Is America ‘Post-Education’?
There’s a lot of finger-pointing going on when it comes to education. It seems like education is getting more publicity than ever. It’s everyone’s new political platform darling, it’s making headlines in the evening news, and everyone has an opinion. These opinions are loosely forming into various camps and rather than seeking to provide practical solutions that will drive change in school systems, far too many are getting bogged down in negative, inflammatory rhetoric. We’re stuck into an either/or mindset rather than acknowledging that the most powerful learning outcomes will come from an ‘and’ mentality.

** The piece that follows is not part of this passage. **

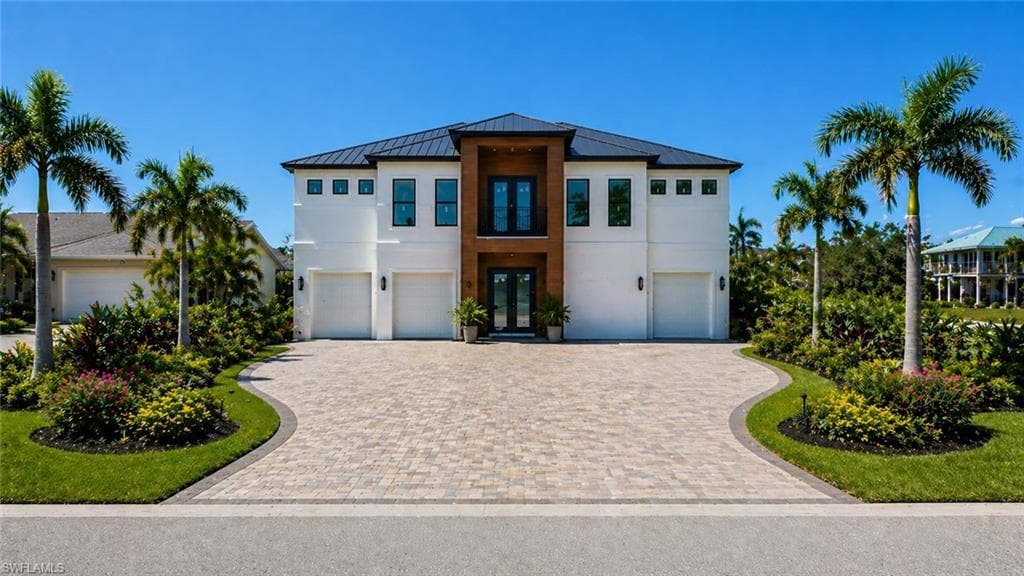 20810 Park PL ESTERO, FL 33928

Some feel threatened by self-paced learning modules or they question the validity of learning when done outside the purview of an expert. Others believe the classroom is entirely ancillary, archaic even. Why should relics of the past such as bells and schedules determine who learns what, when, and where? Some feel the move to charter schools spells the death knell for public education, despite the mild irony of the sentiment. Others look at the perpetual cycle of failure in some institutions and see no other way. The list goes on.

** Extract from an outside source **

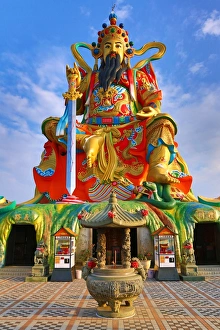 Statue of the Taoist god Xuan Tian Shang Di, North Pole Pavilion, Lotus Pond, Kaohsiung Statue of the Taoist god Xuan Tian Shang Di, North Pole Pavilion, Lotus Pond, Kaohsiung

Ideologically, we are divided. Unfortunately, what many have chosen to disagree about is the form of school. What we should be talking about is the purpose of school. Do schools exist to replace parents? Are schools arbiters of moral and cultural values? Do schools exist to impart facts, figures, and data?

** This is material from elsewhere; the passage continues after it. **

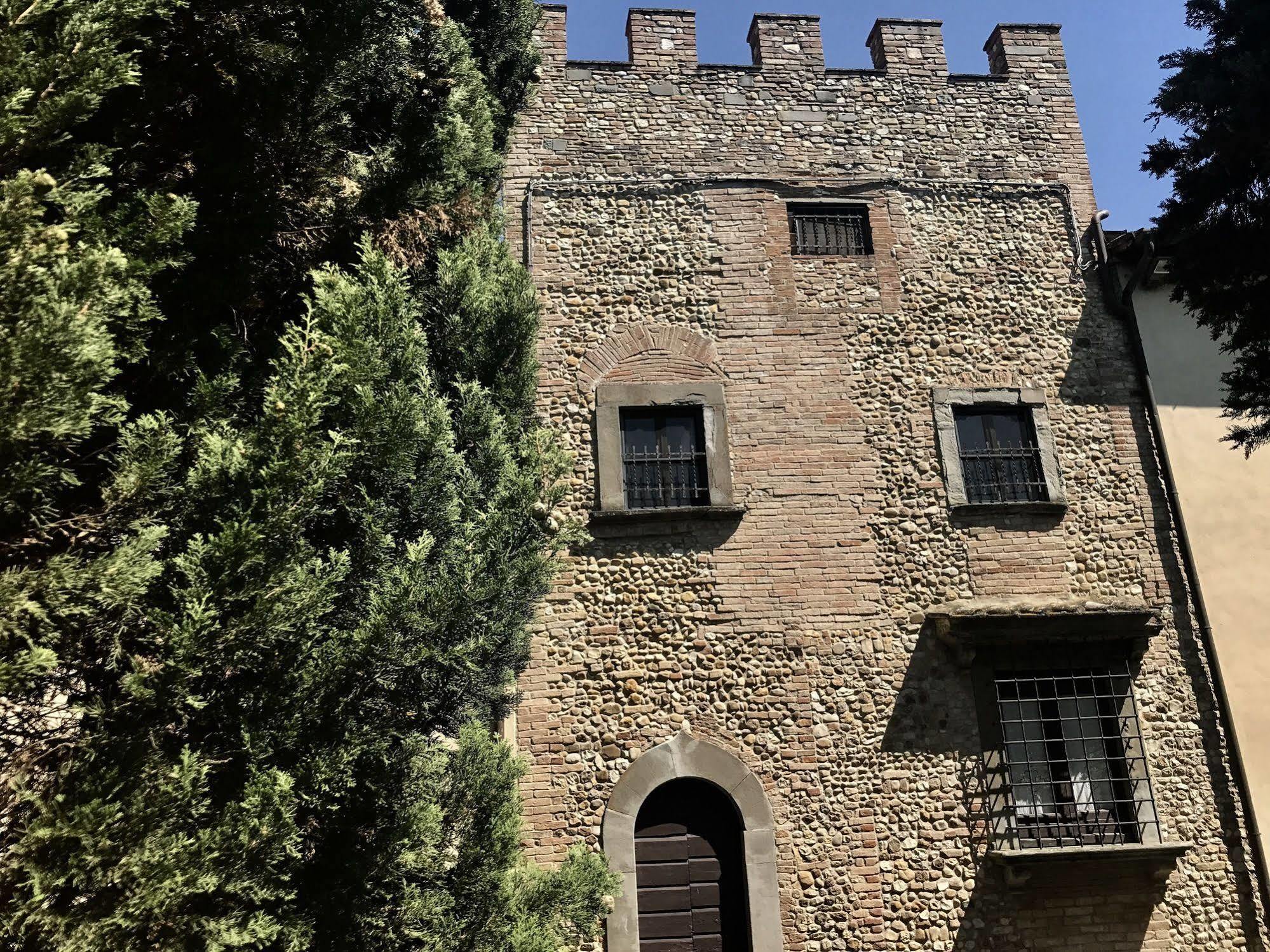 Castello Di Fezzana Apartment Монтеспертоли Екстериор снимка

I propose that we are a nation attempting to rewrite the subscript of the very purpose of our educational system. There are many players in this arena that have, unfortunately, decided to lump all of the complexities of what happens to children between ages 4 and 22 under the single heading of “education.” The truth I think we need to address is that we are post-education. Education today doesn’t look anything like it used to 15, 20, or 30 years ago. We can argue if that’s good or bad, but all that matters is that we are able to use education to serve the purposes it has been established for, changing though they may be.
We’re post-education, but nobody really knows what that means yet. We hear all the buzzwords like MOOCs, flipped learning, and blended learning, but we can’t seem to decide if these are foundationally different pedagogies or just the next educational fad. All we know at this point is that change is painful. We’re blazing a trail in the wilderness that is the 21st century. We’re hungry, we’re tired, and maybe a little cranky at times. But it’s time we can stop and remember that, ultimately, we all want our children to be successful. We all want to see our nation excel. We all understand, deep down, that this is a tough, complex issue that is more about the journey than the destination. Excellence, after all, isn’t about arriving but understanding that you are aiming at a moving target. But until we decide on the very foundational purpose of schooling, the rest is just nostalgia.